News

This Cake Is a Lie

Published June 29, 2015

NEWS:   Walmart apologized for fulfilling a customer's cake order and producing a cake that featured an Islamic State (ISIS) flag.

The racially motivated 17 June 2015 Emanuel African Methodist Episcopal Church shooting that left nine people dead led to a backlash against the open display of the Confederate flag, which in turn prompted another backlash against the anti-flag backlash.

Shortly after the shooting, major U.S. retailers such as Walmart and Amazon.com announced that they would no longer sell the Confederate flag or merchandise bearing its likeness. Almost immediately, anti-backlashers reported rumors holding that Amazon was following government orders in discontinuing the sale of the Confederate flag, while continuing to offer Islamic State flags for purchase.

A related controversy erupted (in what appears to be a growing trend of debating social issues via bakeries) involving Walmart and a customer's cake order. According to ABC News, a Walmart customer in Louisiana challenged the retailer's decision to discontinue Confederate flag merchandise by ordering a cake bearing that flag's image from the store's bakery:

Chuck Netzhammer said he ordered the image of the Confederate flag on a cake with the words, "Heritage Not Hate," at a Walmart in Slidell, Louisiana. But the bakery denied his request, he said. At some point later, he ordered the image of the ISIS flag that represents the terrorist group.

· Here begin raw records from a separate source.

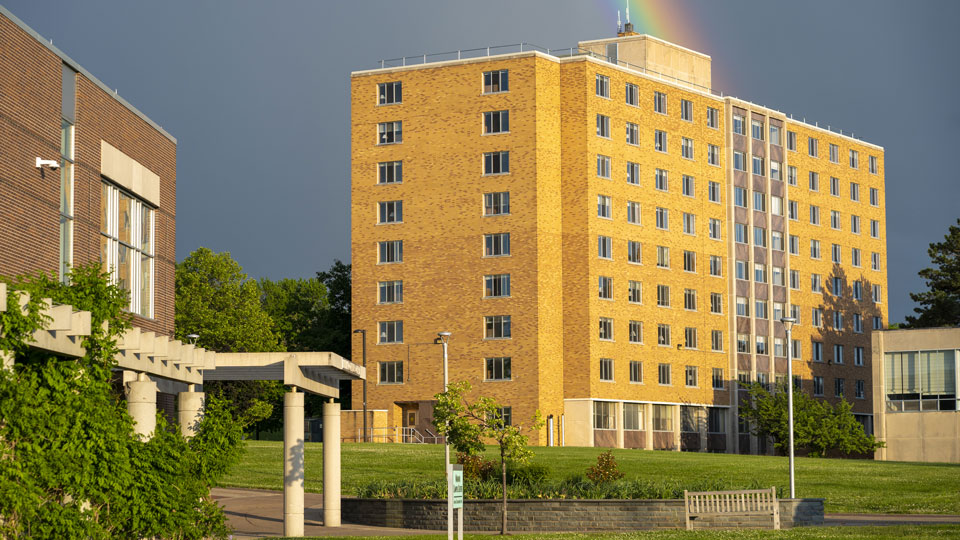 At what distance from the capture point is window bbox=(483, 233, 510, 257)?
87250mm

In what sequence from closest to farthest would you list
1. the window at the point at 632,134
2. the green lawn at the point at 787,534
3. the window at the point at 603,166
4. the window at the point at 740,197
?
the green lawn at the point at 787,534 < the window at the point at 603,166 < the window at the point at 632,134 < the window at the point at 740,197

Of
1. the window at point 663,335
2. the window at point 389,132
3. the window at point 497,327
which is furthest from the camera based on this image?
the window at point 663,335

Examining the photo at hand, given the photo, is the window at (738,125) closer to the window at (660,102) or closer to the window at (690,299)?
the window at (660,102)

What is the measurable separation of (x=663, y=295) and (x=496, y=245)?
43.8 ft

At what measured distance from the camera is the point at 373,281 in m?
90.6

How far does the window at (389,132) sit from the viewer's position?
90250 millimetres

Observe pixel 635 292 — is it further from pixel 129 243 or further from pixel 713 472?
pixel 129 243

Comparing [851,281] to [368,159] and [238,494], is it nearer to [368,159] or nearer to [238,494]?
[368,159]

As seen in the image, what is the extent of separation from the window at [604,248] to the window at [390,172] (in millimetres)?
13421

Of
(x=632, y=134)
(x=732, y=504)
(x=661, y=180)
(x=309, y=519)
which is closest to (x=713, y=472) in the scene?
(x=732, y=504)

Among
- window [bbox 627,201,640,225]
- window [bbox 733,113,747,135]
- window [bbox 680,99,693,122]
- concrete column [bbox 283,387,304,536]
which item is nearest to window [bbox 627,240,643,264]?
window [bbox 627,201,640,225]

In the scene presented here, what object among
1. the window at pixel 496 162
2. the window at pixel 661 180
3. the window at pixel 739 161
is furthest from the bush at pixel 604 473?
the window at pixel 739 161

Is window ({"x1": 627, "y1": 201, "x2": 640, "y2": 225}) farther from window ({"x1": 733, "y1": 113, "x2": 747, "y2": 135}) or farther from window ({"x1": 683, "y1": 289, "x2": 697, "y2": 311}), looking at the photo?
window ({"x1": 733, "y1": 113, "x2": 747, "y2": 135})

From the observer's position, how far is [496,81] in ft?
289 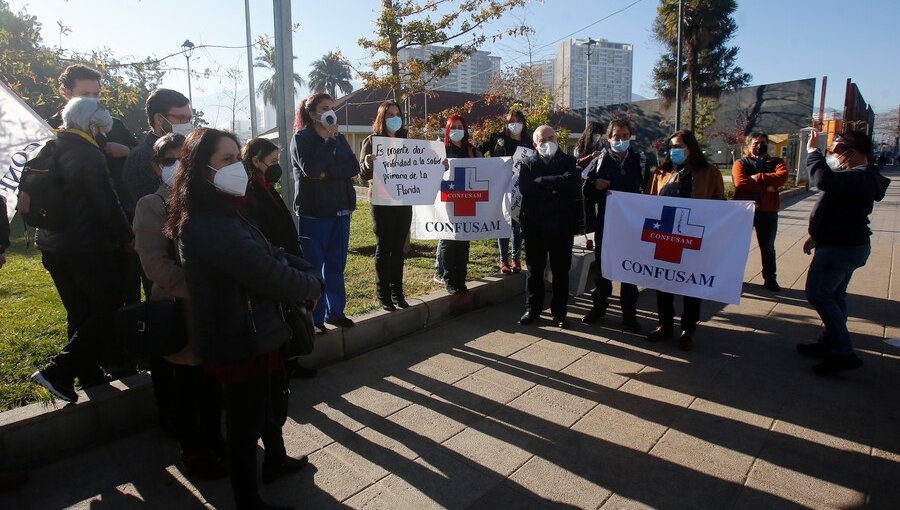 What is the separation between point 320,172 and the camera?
432 cm

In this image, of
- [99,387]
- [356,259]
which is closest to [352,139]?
[356,259]

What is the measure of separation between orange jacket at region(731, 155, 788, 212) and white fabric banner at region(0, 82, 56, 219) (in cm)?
658

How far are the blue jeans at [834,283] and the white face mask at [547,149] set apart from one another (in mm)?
2232

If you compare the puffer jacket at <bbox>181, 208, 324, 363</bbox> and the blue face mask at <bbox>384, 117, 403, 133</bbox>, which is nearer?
the puffer jacket at <bbox>181, 208, 324, 363</bbox>

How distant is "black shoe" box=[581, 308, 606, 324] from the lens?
5.52 m

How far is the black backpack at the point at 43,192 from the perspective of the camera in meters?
3.24

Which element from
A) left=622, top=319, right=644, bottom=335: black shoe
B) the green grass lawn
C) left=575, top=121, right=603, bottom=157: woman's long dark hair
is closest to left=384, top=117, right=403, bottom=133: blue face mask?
the green grass lawn

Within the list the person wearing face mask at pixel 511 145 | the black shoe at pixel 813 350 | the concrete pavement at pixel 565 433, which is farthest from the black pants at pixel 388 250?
the black shoe at pixel 813 350

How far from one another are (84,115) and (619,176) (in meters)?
4.19

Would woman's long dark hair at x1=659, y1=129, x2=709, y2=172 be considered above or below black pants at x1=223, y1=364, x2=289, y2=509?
above

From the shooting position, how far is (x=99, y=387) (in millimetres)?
3469

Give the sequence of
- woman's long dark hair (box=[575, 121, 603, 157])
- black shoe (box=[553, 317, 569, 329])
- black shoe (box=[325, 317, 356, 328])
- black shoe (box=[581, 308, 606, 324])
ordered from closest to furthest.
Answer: black shoe (box=[325, 317, 356, 328]) → black shoe (box=[553, 317, 569, 329]) → black shoe (box=[581, 308, 606, 324]) → woman's long dark hair (box=[575, 121, 603, 157])

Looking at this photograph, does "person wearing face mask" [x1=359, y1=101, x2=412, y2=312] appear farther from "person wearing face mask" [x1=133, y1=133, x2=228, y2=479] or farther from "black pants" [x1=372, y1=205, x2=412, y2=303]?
"person wearing face mask" [x1=133, y1=133, x2=228, y2=479]

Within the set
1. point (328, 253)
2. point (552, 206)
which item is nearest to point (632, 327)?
point (552, 206) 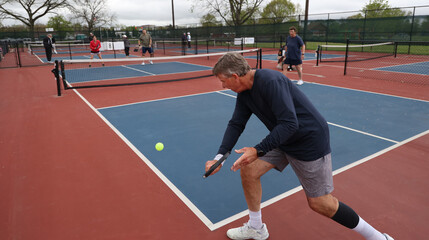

On 26 June 2015, Netzhammer published a video to YouTube titled "Walmart makes ISIS cake, refused Confederate flag cake":

On 06/25/15 I attempted to get an Edible image cake printed with the confederate flag image on it at Walmart. It was denied. The next day I had them do the same for the ISIS battle flag image I brought to them. They cheerfully did it. and sold me my ISIS cake. WTF Walmart! ISIS is beheading Christians, selling little girls into slavery, and is currently a terrorist org at war with the United States........but you can't buy the General Lee toy car at Wallmart? It's a damn shame.

Of course, Netzhammer's account is presented in a manner that suggests that Walmart bakery employees clearly recognized the Islamic State flag on sight and nonetheless "cheerfully" made the cake for him. It doesn't address the possible (and perhaps likelier) scenario that the folks processing his order were quite familiar with the Confederate flag, but they did not recognize the second image he proffered them as an "ISIS battle flag" (nor were they informed by him what the image represented). The viewer also can't tell from an isolated video whether its maker might have had to undertake multiple efforts before finding a store or employee who would accept the order.

To viewers who think it inconceivable that anyone could fail to recognize an ISIS flag, we note that the flag has no distinctive coloration (it's black and white, like a Jolly Roger or a racing flag), and it bears writing in a language and alphabet unfamiliar to most Americans. And even CNN had difficulty picking out the real thing.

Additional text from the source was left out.